# WORK INSTRUCTION:
The copy should begin at the line containing "Carbon Fiber Trunk" and end at the last line of the material. Please reproduce those lines exactly and keep pictures out.

Start of EXERCISE MATERIALS

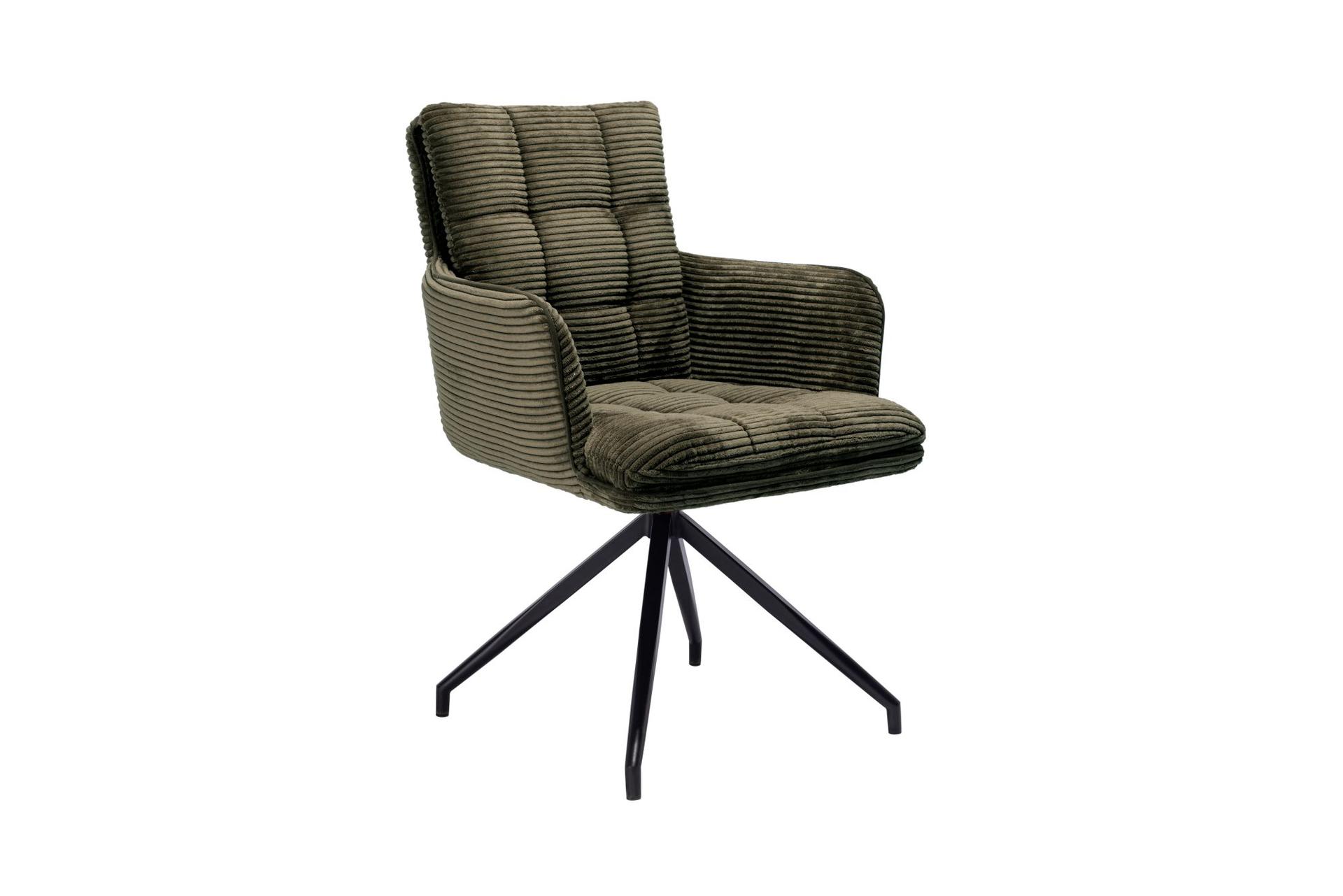 Arthur Swivel Dining Chair Green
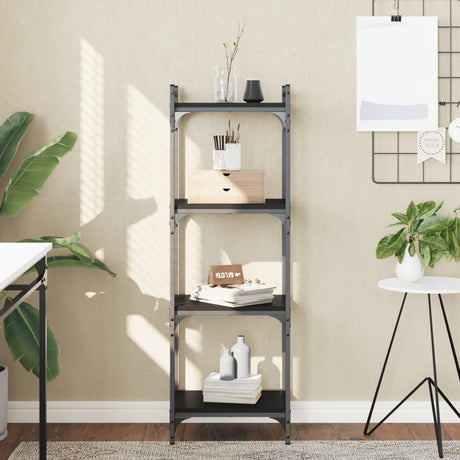 Bookcase 3-Tier 40X30X Engineered Wood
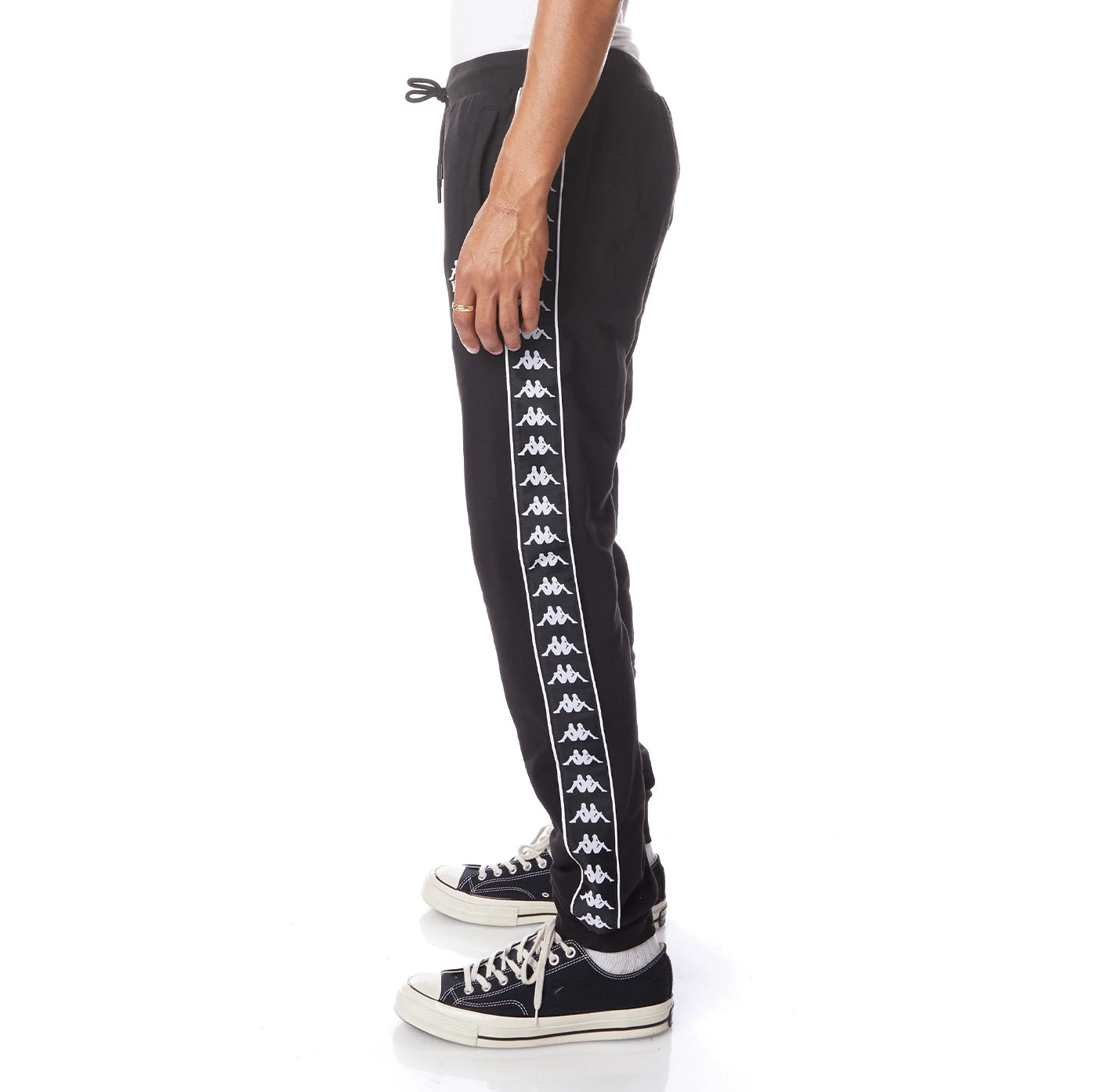 222 Banda Alanz 2 Sweatpants - Black White 3 222 Banda Alanz 2 Sweatpants - Black White - Image 3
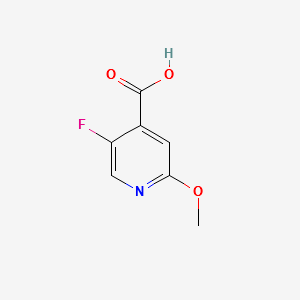 5-FLUORO-2-METHOXYISONICOTINIC ACID structure, CAS 884495-30-1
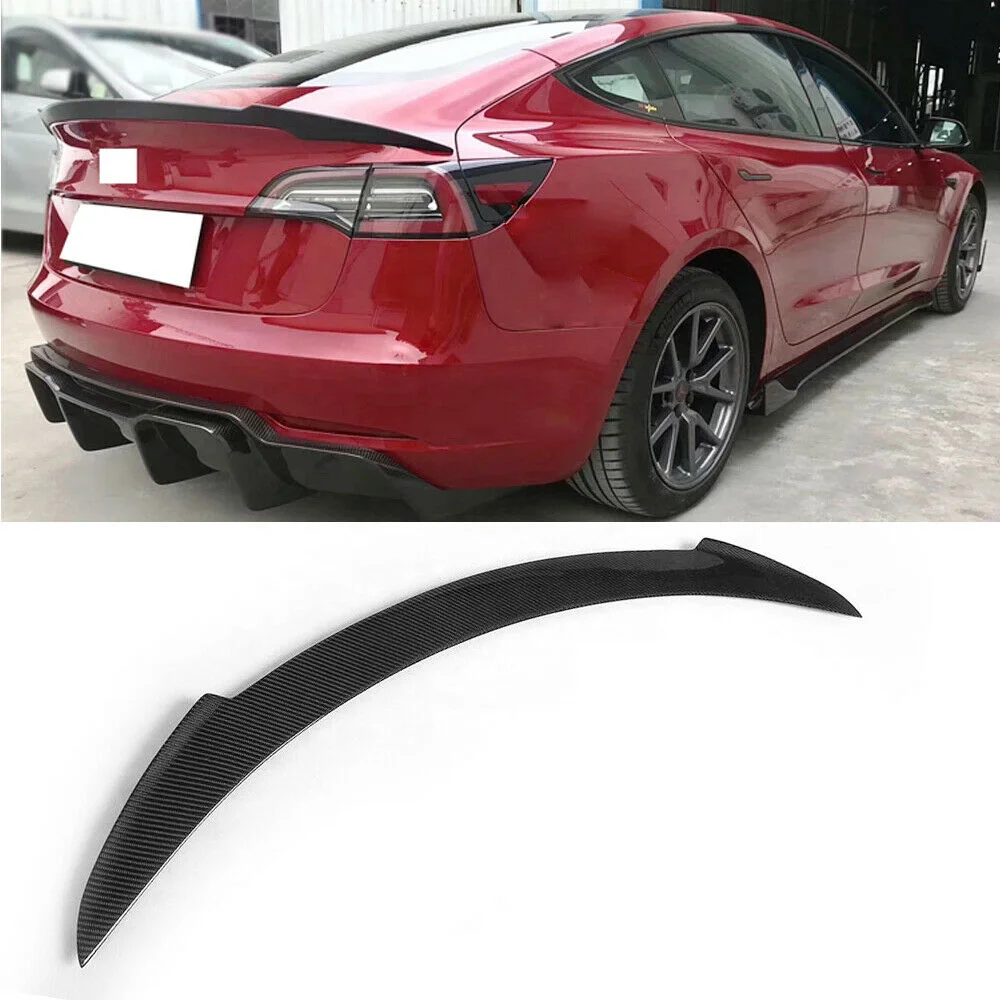 Carbon Fiber Trunk Spoiler Wing for Tesla Model S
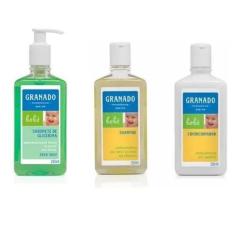 Kit Higiêne do Bebê Shampoo + Condicionador + Sabonete Erva Doce - Gra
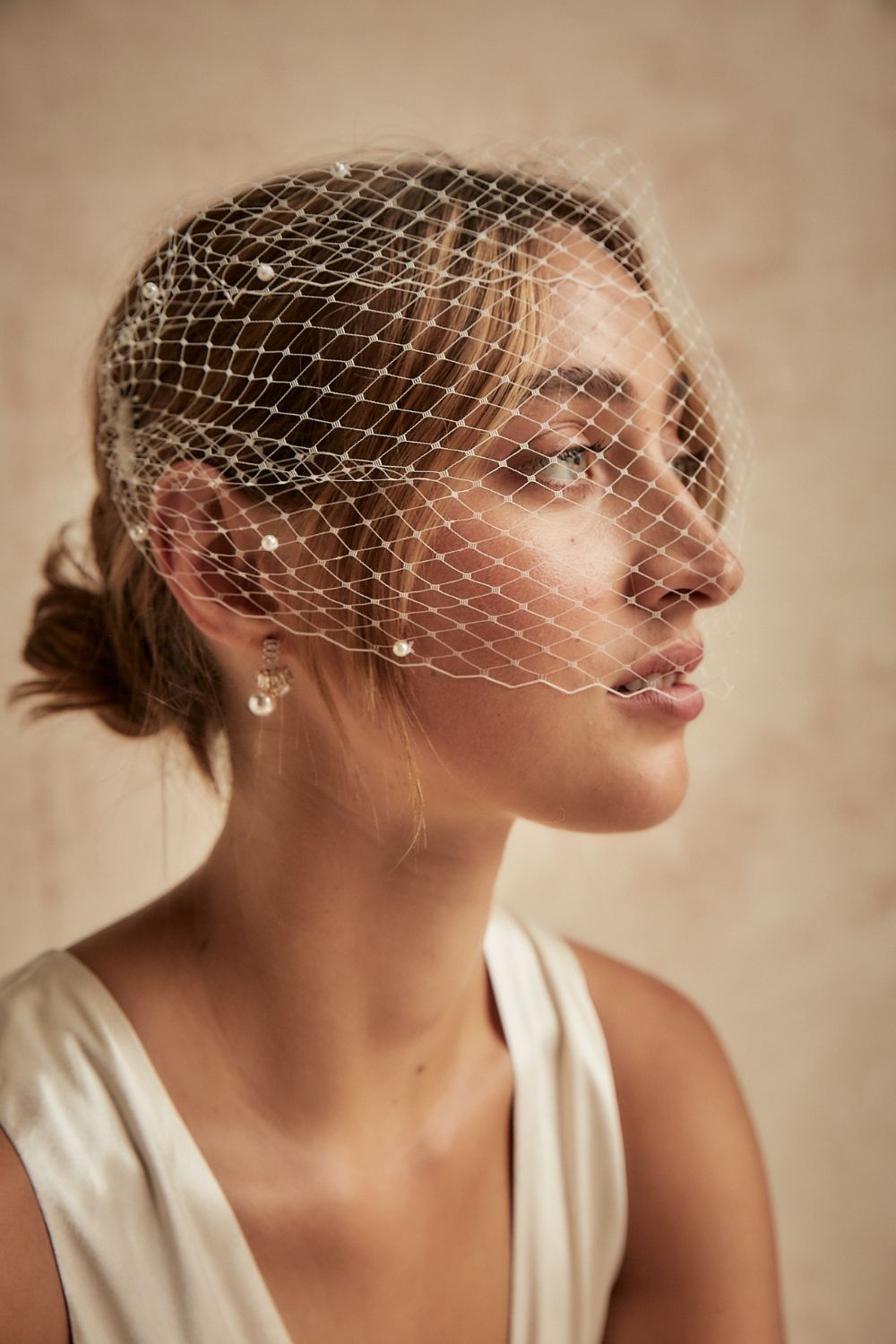 Phoebe Birdcage Veil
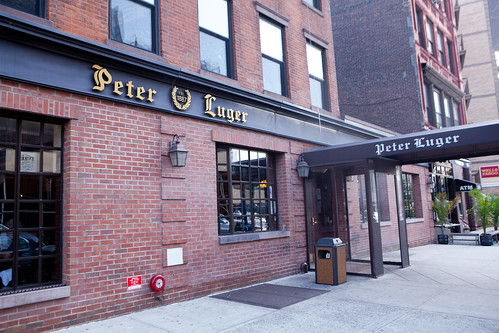 Entrance to Peter Luger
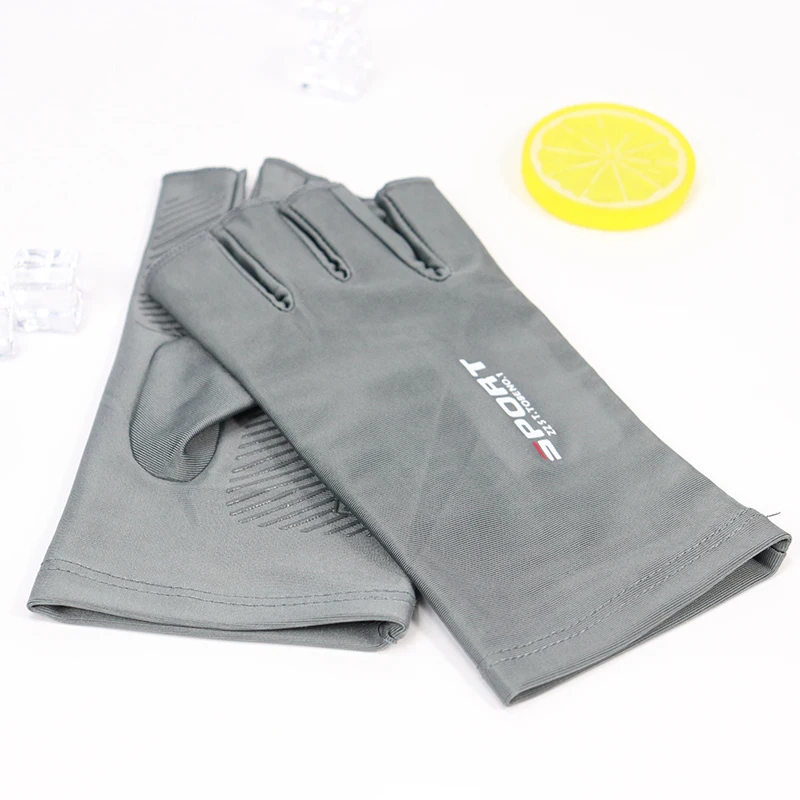Summer Women Men Gloves Fitness Sports Fishing Cycling Ice Silk Breathable Elastic Sun Protection Touchscreen Driving Gloves
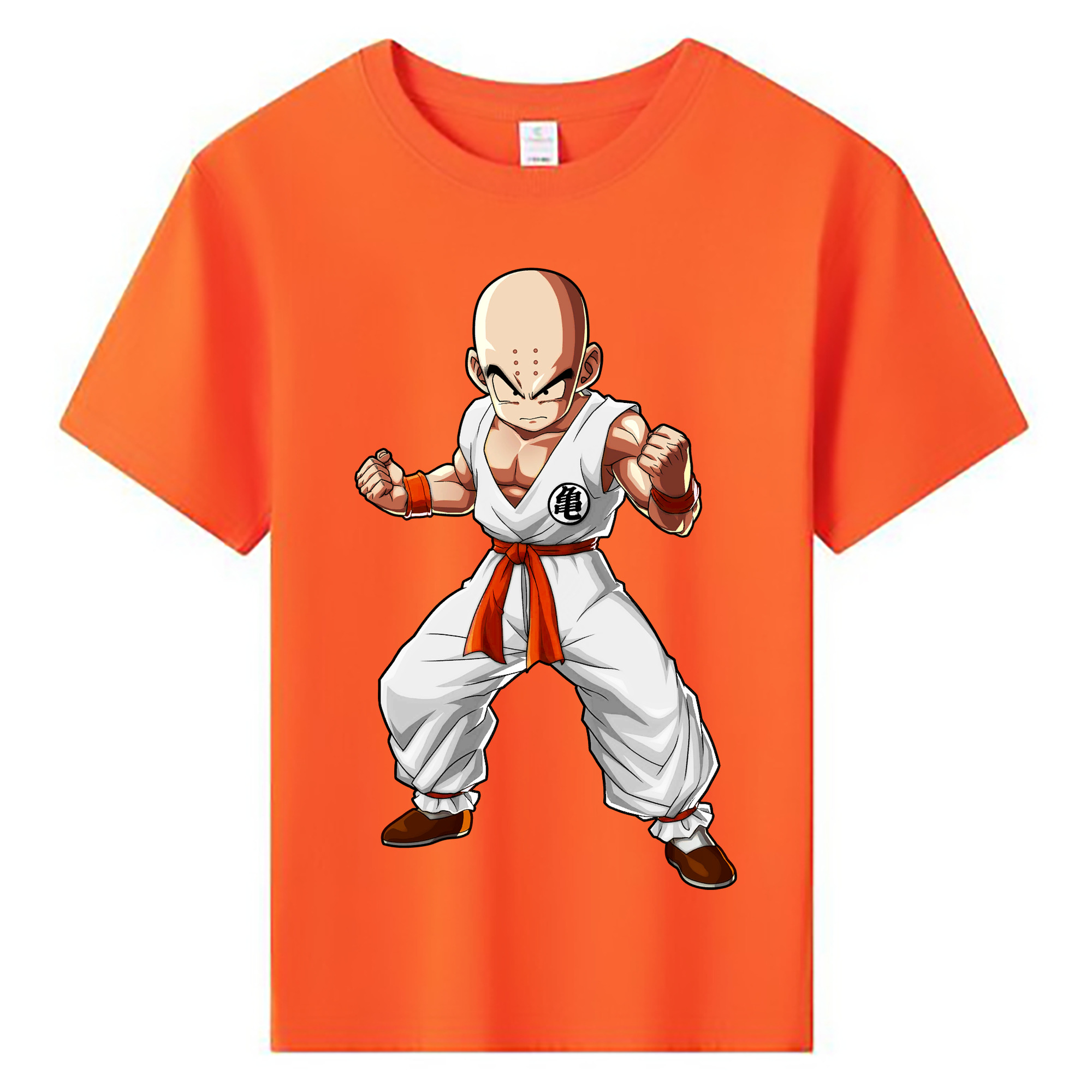 （画像用） ドラゴンボール クリリン DRAGON BALL krillin 綿100％キッズTシャツ（フロントプリント）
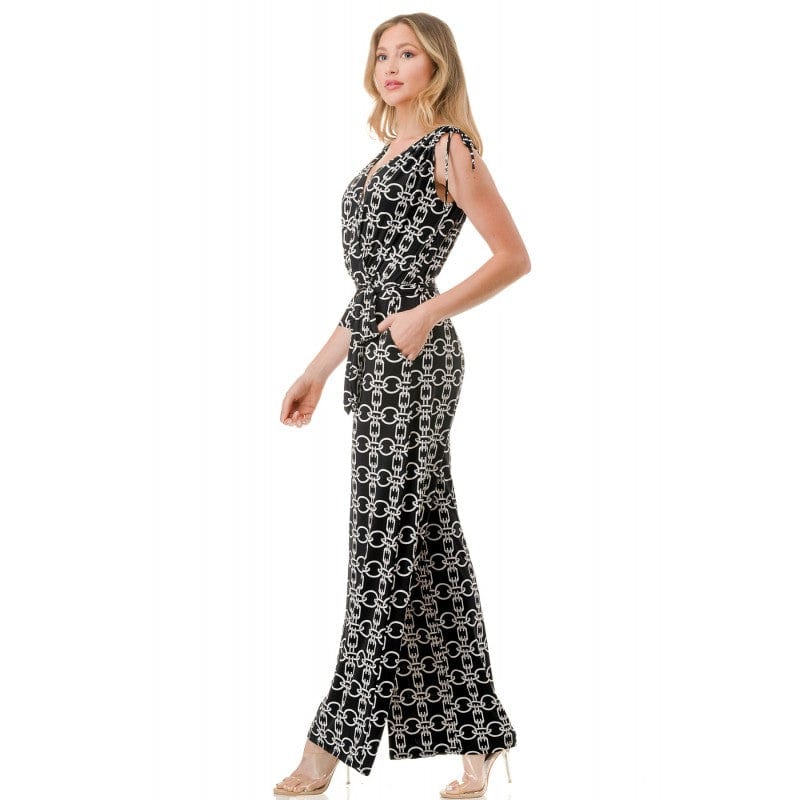Surplice Culotte Jumpsuit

End of EXERCISE MATERIALS

# ANSWER FOR THIS EXERCISE:
 Carbon Fiber Trunk Spoiler Wing for Tesla Model S
 Kit Higiêne do Bebê Shampoo + Condicionador + Sabonete Erva Doce - Gra
 Phoebe Birdcage Veil
 Entrance to Peter Luger
Summer Women Men Gloves Fitness Sports Fishing Cycling Ice Silk Breathable Elastic Sun Protection Touchscreen Driving Gloves
 （画像用） ドラゴンボール クリリン DRAGON BALL krillin 綿100％キッズTシャツ（フロントプリント）
Surplice Culotte Jumpsuit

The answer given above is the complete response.